Near Total Electronic Spin Separation as Caused by Nuclear Dynamics: Perturbing a Real-Valued Conical Intersection with Complex-Valued Spin-Orbit Coupling

TL;DR

This paper demonstrates that nuclear dynamics near conical intersections, when perturbed by spin-orbit coupling, can lead to highly efficient spin selectivity, opening new avenues for spintronic device design and requiring correction in semiclassical simulations.

Contribution

It reveals how complex spin-orbit coupling influences nuclear pathways at conical intersections, resulting in large spin polarization effects.

Findings

Small spin-orbit coupling causes large spin selectivity.

Berry force significantly affects pathway selection.

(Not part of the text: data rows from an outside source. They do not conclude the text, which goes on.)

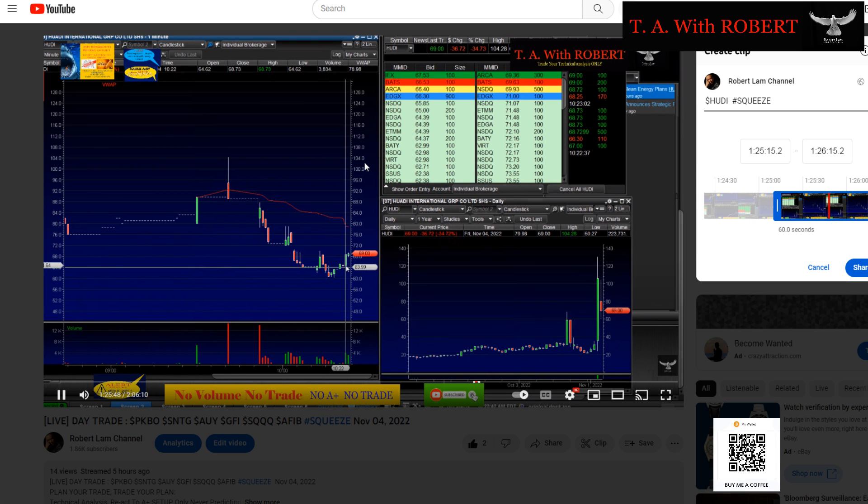Before 64, get out. Just learn the setup, the system, learn the process. You have to do something not emotional anymore. Just plan your trade, trade your plan. You get in here and you get out when it's 64.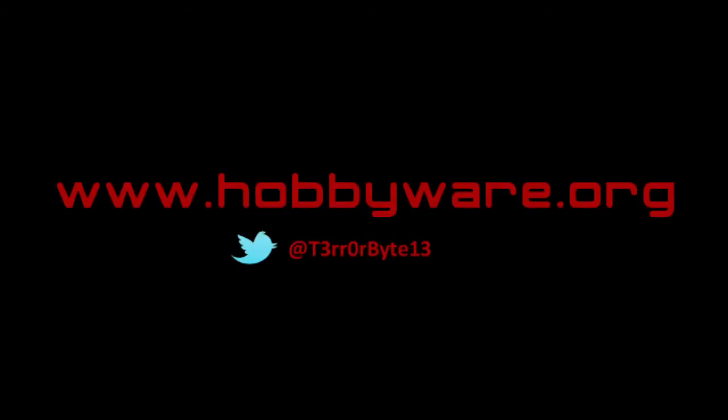To see more of my computers, programs and projects, visit www.hobbyware.org. You can also follow me on Twitter by using at terabyte13. Thanks for watching and enjoy.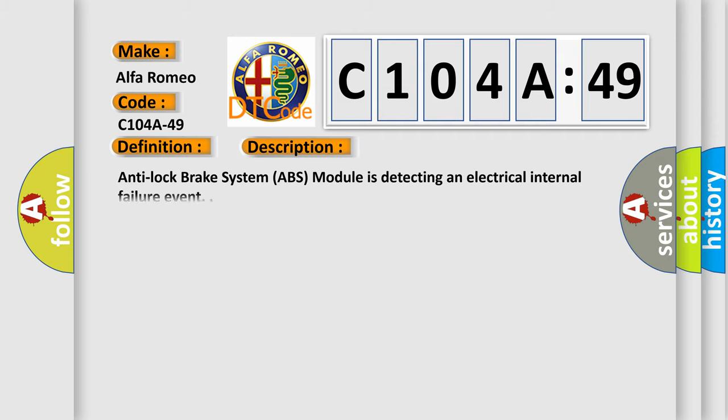And now this is a short description of this DTC code. Anti-lock brake system ABS module is detecting an electrical internal failure event.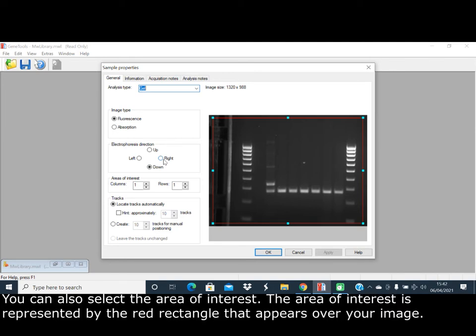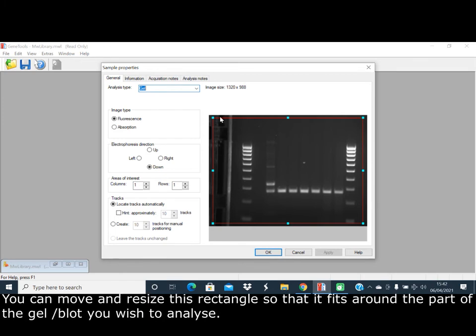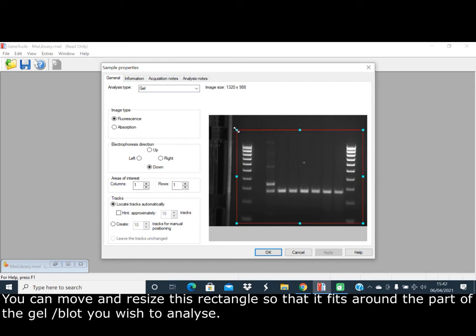You can also select the area of interest. The area of interest is represented by the red rectangle that appears over your image. You can move and resize this rectangle so that it fits around the part of the gel or blot you wish to analyze.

Implications for designing spintronic devices and correcting semiclassical models.

Abstract

We investigate the nuclear dynamics near a real-valued conical intersection that is perturbed by a complex-valued spin-orbit coupling. For a model Hamiltonian with two outgoing channels, we find that even a small spin-orbit coupling can dramatically affect the pathway selection on account of Berry force, leading to extremely large spin selectivity (sometime as large as 100%). Thus, this Letter opens the door for organic chemists to start designing spintronic devices that use nuclear motion and conical intersections (combined with standard spin-orbit coupling) in order to achieve spin selection. Vice versa, for physical chemists, this Letter also emphasizes that future semiclassical simulations of intersystem crossing (which have heretofore ignored Berry force) should be corrected to account for the spin polarization that inevitably arises when dynamics pass near conical intersections.